Source: Betfair. 27/02/2023.
In the face of excess betting market price volatility, the notion that the betting market price represents the perfect signal is refuted every time that the price moves.
Nonetheless, people are more that happy to delude themselves that the price that they have traded at must have somehow represented the perfect price. For example, the S&P 500 and the Nasdaq retreated on Wednesday September 23 2020 as data showed that domestic business activity had nudged down in September, suggesting a loss of momentum in the economy as the third quarter draws to a close. And what happened to Trump's odds on Betfair - why, he shortened into 2.20 from 2.26. Trump's only hope of actually winning the election is if there were to be a stable economic rebound. These economic numbers came on the heels of ABC/Post polls that showed strong results for Biden in Minnesota and Wisconsin - two of the eight key states in the election.
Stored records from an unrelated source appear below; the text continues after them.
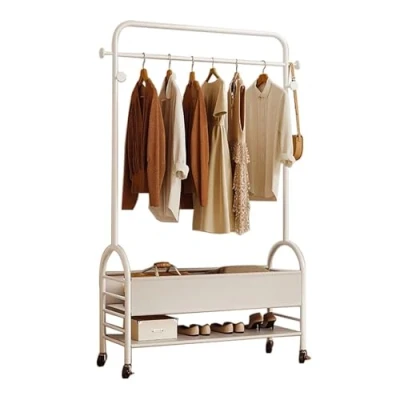 Imagen de FGHUF Nórdico Moderno Perchero Burro Ropa,Metal Ropa Resistente,Burro con Ruedas,Colgador De Estante,un para Dormitorio Colgar Abrigos Camisas(Plata)
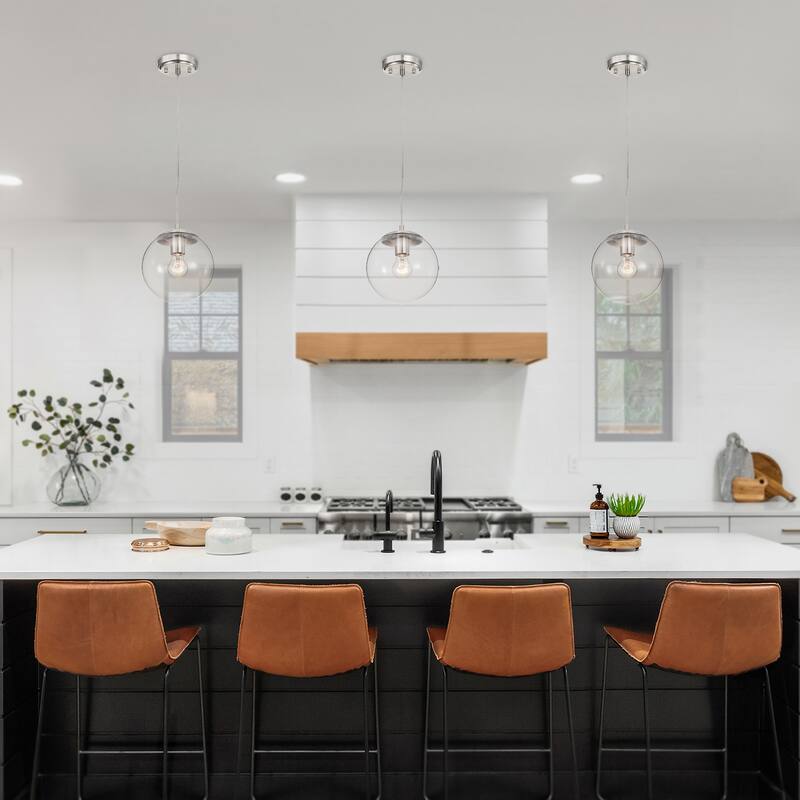 7.75 in. 1-Light Matte Black/Brushed Nickel Pendant Light with Clear Globe Glass Shade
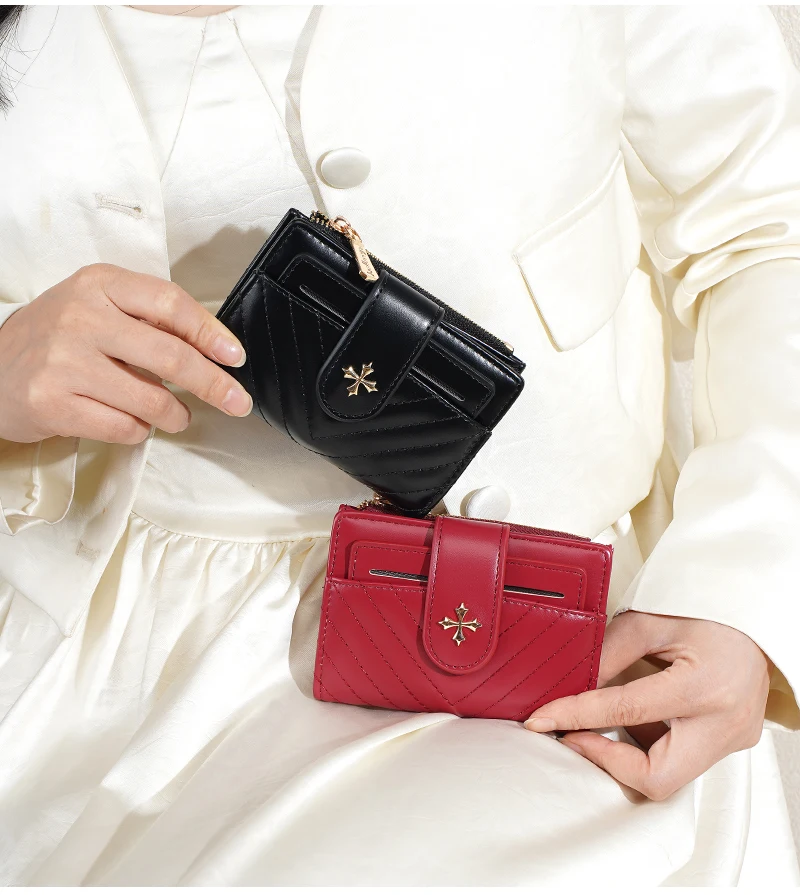 Neue Damen-Kurzgeldbörse, hochwertig, abnehmbarer Kartenhalter, Damen-Geldbörse mit Reißverschluss, Münzfach, Fotohalter, Geldklammer für Mädchen – Detail 20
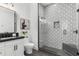Well-designed bathroom featuring a walk-in shower with geometric tiles, a sleek vanity, and modern lighting at 19494 N 98Th Pl, Scottsdale, AZ 85255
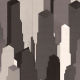 Panoramic Wallpaper Graphic buildings NYC - Beige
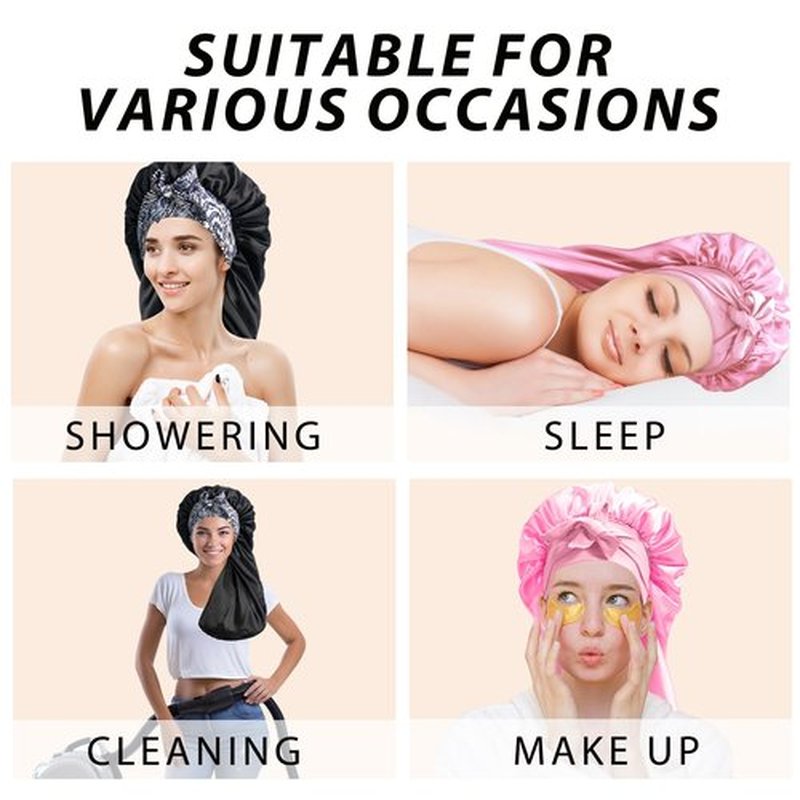 2Pack Bonnets for Black Women Braid Bonnet, Large Long Bonnet Satin Bonnet for Braids,Black Women Silk Bonnet with Stretchy Tie Band Braid Bonnet for Sleeping Extra Long (Pink &Black Pattern)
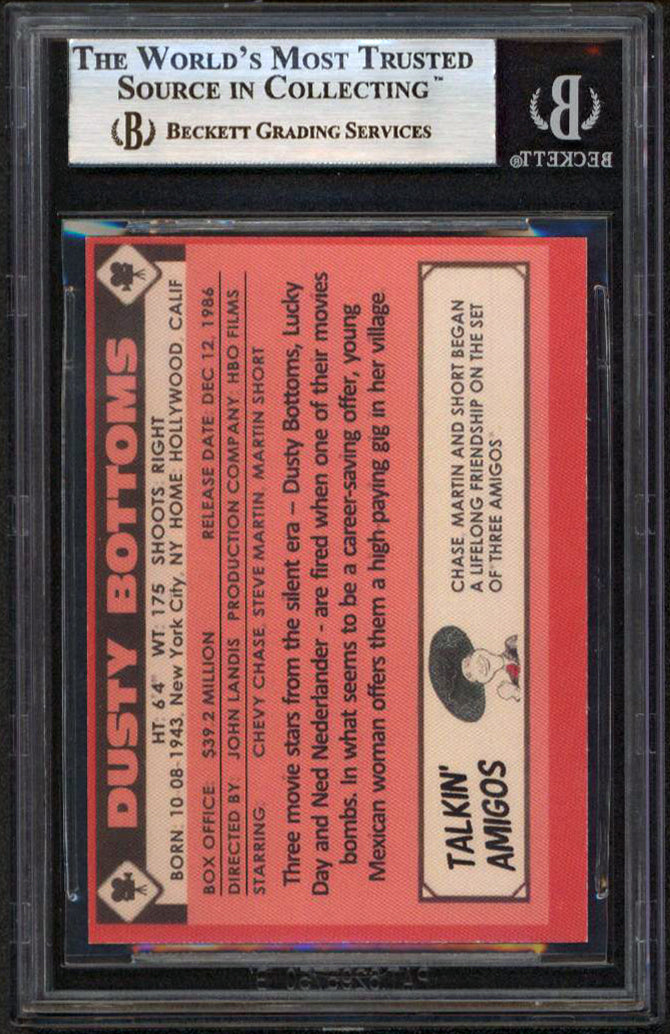 Chevy Chase Three Amigos! Signed Dusty Bottoms Custom Trading Card BAS Slabbed 1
What price activity there was on the day was very clearly driven by the decision of a whale to shorten Trump's odds - and people responding to that price action.
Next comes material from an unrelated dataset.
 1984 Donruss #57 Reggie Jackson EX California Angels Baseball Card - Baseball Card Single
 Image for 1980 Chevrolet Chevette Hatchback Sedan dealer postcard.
Prices reflect the beliefs of those operating in the betting market at a particular moment in time – nothing more and nothing less. No one that is trading in these betting markets is immune from biases. Recent theoretical work in developmental psychology suggests that humans are predisposed to align their mental states with those of other individuals. The propensity in the betting markets to herd and to respond to information cascades ensures that most people are simply discounting their own private beliefs and trading on the back of somebody elses information. That is why significant mispricings can and do occur and why they can stay in place over extended periods of time - right up until the betting market on a particular event terminates (per Trump 2016 election and Brexit prediction markets).